The data below should be printed in full, exactly, and without any of its images.

DATA EXTRACT:
┄┄┄┄┄┄┄┄┄┄

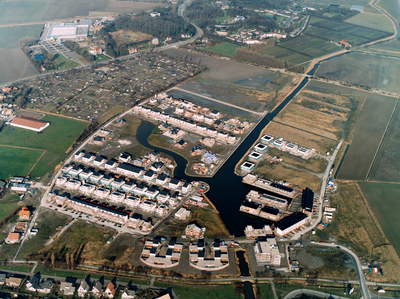 49604 Luchtfoto van Vlissingen. De nieuwe wijk Lammerenburg in aanbouw, ten noorden van de Zuidbeekseweg. Links op de ...
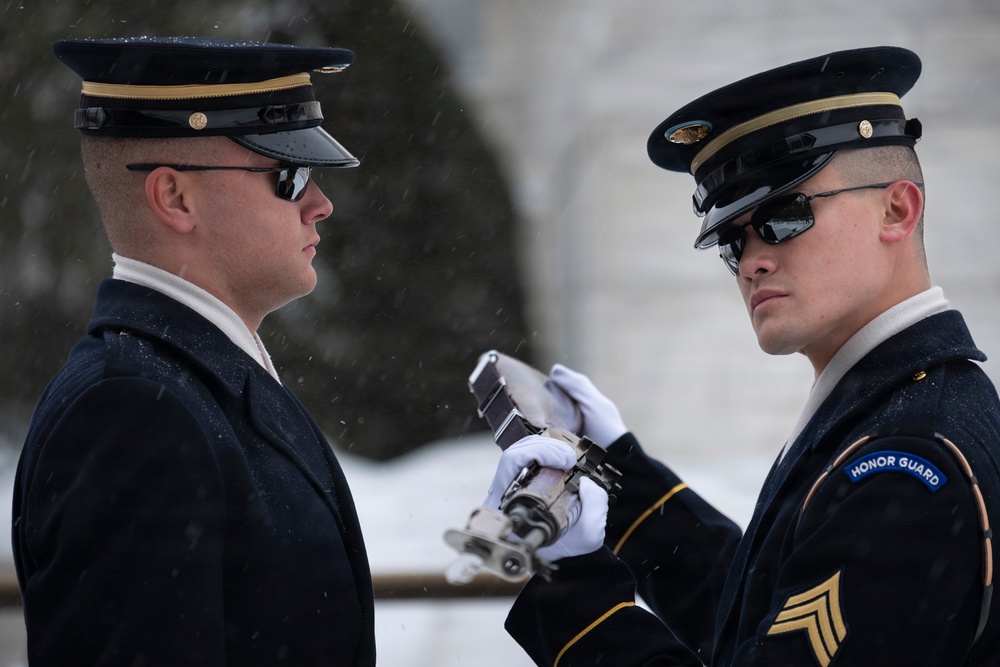 Snow Day 2026: Tomb of the Unknown Soldier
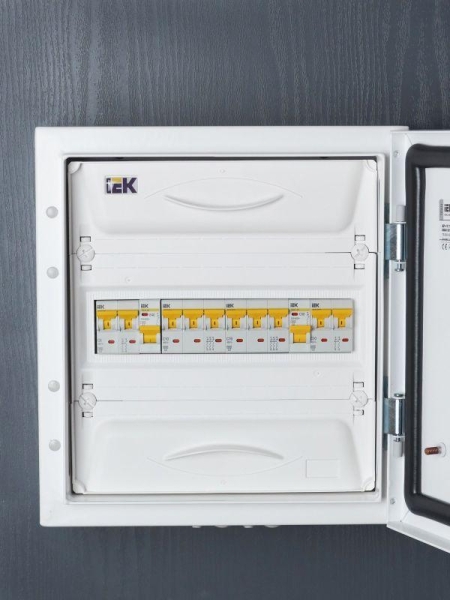 Выключатель автоматический модульный 3п C 10А 6кА ВА47-60M KARAT IEK MVA31-3-010-C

┄┄┄┄┄┄┄┄┄┄

OUTPUT OF THE EXERCISE:
 49604 Luchtfoto van Vlissingen. De nieuwe wijk Lammerenburg in aanbouw, ten noorden van de Zuidbeekseweg. Links op de ...
 Snow Day 2026: Tomb of the Unknown Soldier
 Выключатель автоматический модульный 3п C 10А 6кА ВА47-60M KARAT IEK MVA31-3-010-C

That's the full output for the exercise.